WHAT YOU WILL DO: Repeat the listing exactly. The images do not belong in the copy.

GIVEN INFORMATION:

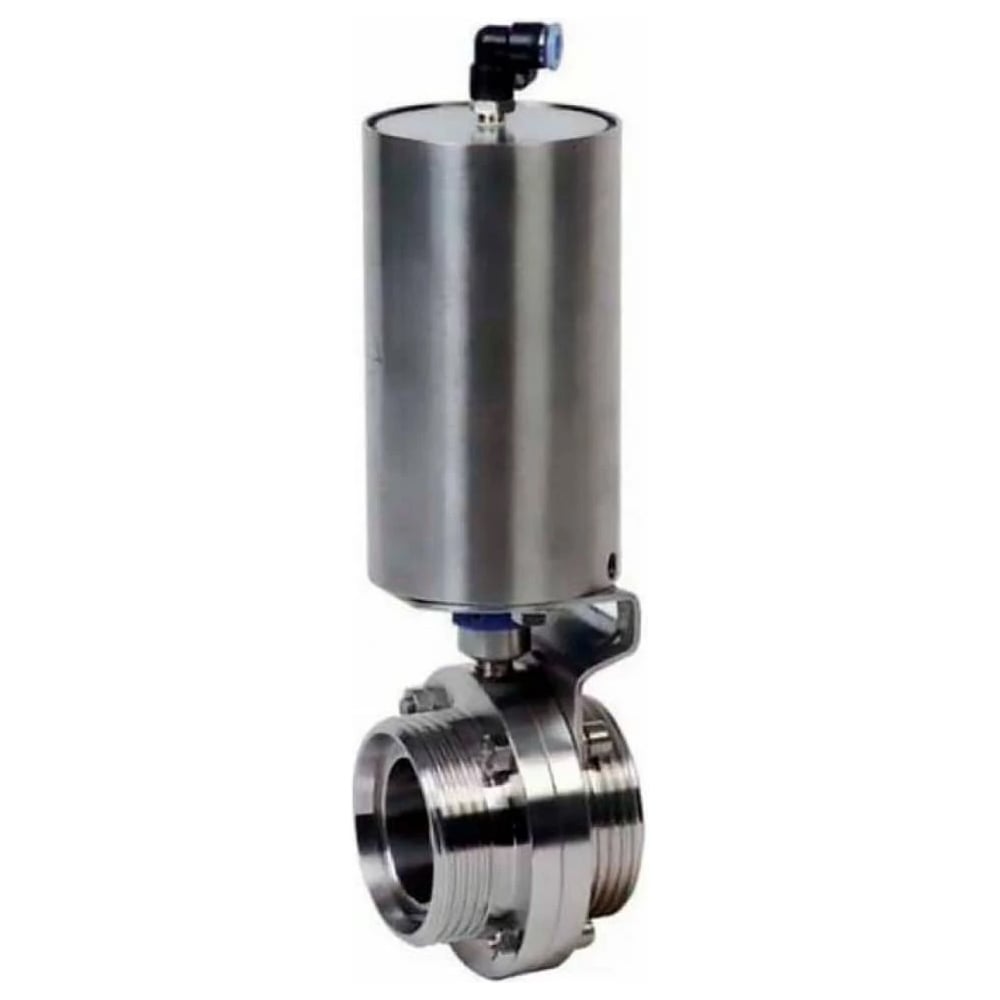 Изображение товара Затвор DN.ru дисковый 304-304-Sil-2W-T-H Ду100 Ру10 из нержавеющей стали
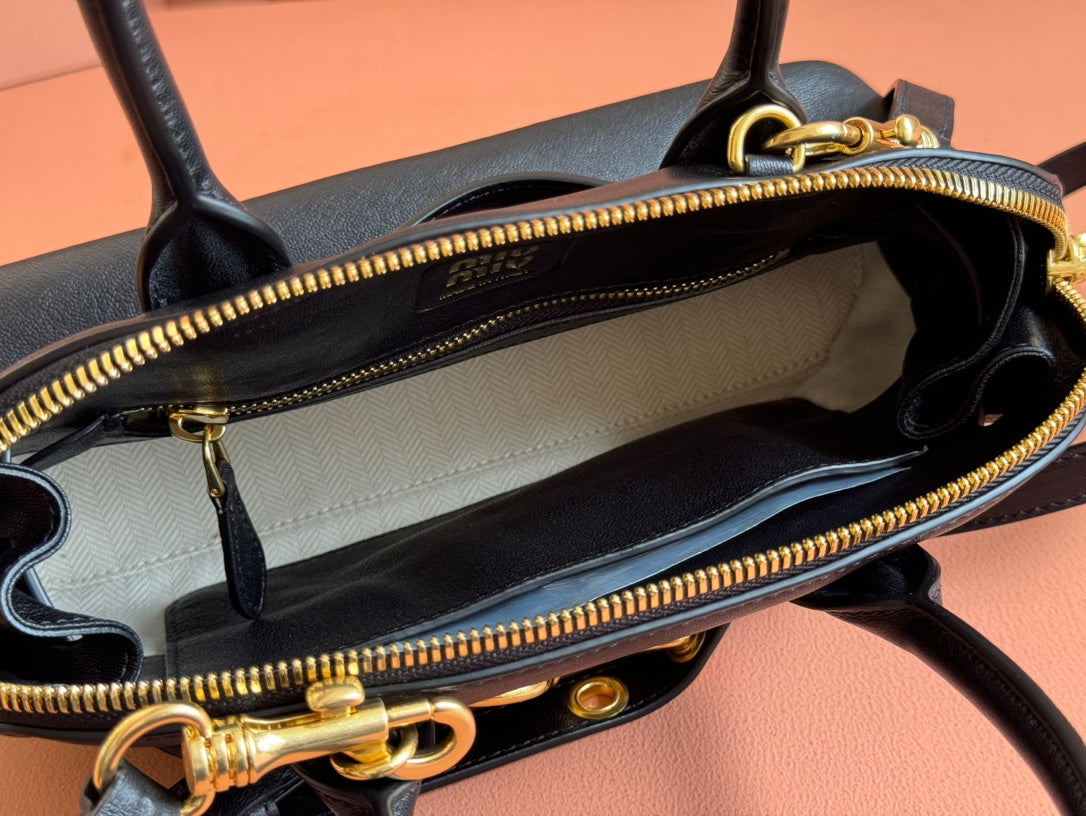 MIU MIU AVENTURE NAPPA BAG 28 IN BLACK LAMBSKIN GOLD HARDWARE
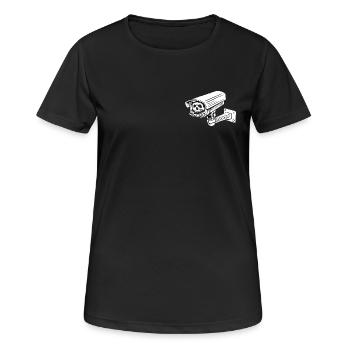 Humor Macabre Security Camera Gothic Skull - Women's Breathable T-Shirt - black - Front - AI Model Female 172 light (172cm)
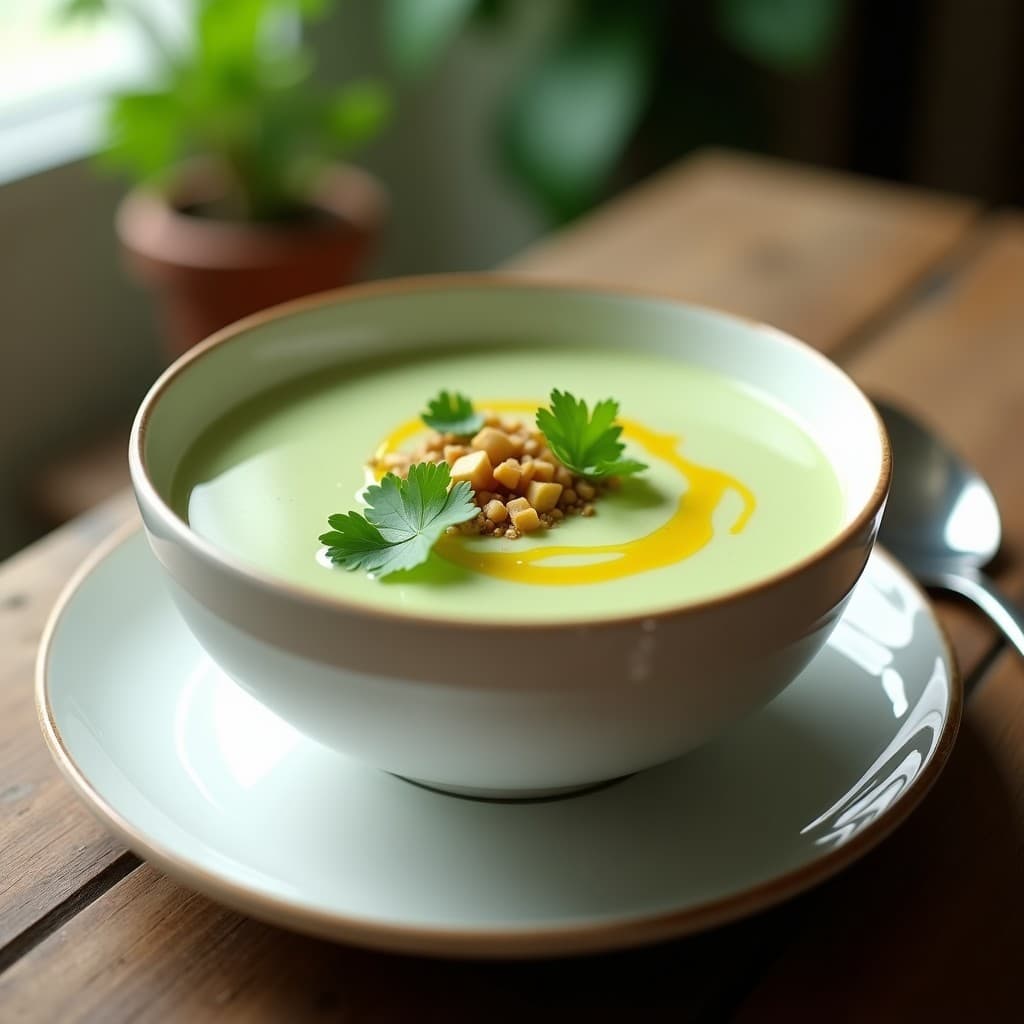 Tazón de cerámica blanca con crema de apionabo y ajoblanco vegana, decorada con hilo de aceite de oliva, hojas de cilantro fresco y cubitos de apionabo cocido. Fondo rústico con textura de madera y luz natural suave.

EXERCISE OUTPUT:
 Изображение товара Затвор DN.ru дисковый 304-304-Sil-2W-T-H Ду100 Ру10 из нержавеющей стали
 MIU MIU AVENTURE NAPPA BAG 28 IN BLACK LAMBSKIN GOLD HARDWARE
 Humor Macabre Security Camera Gothic Skull - Women's Breathable T-Shirt - black - Front - AI Model Female 172 light (172cm)
 Tazón de cerámica blanca con crema de apionabo y ajoblanco vegana, decorada con hilo de aceite de oliva, hojas de cilantro fresco y cubitos de apionabo cocido. Fondo rústico con textura de madera y luz natural suave.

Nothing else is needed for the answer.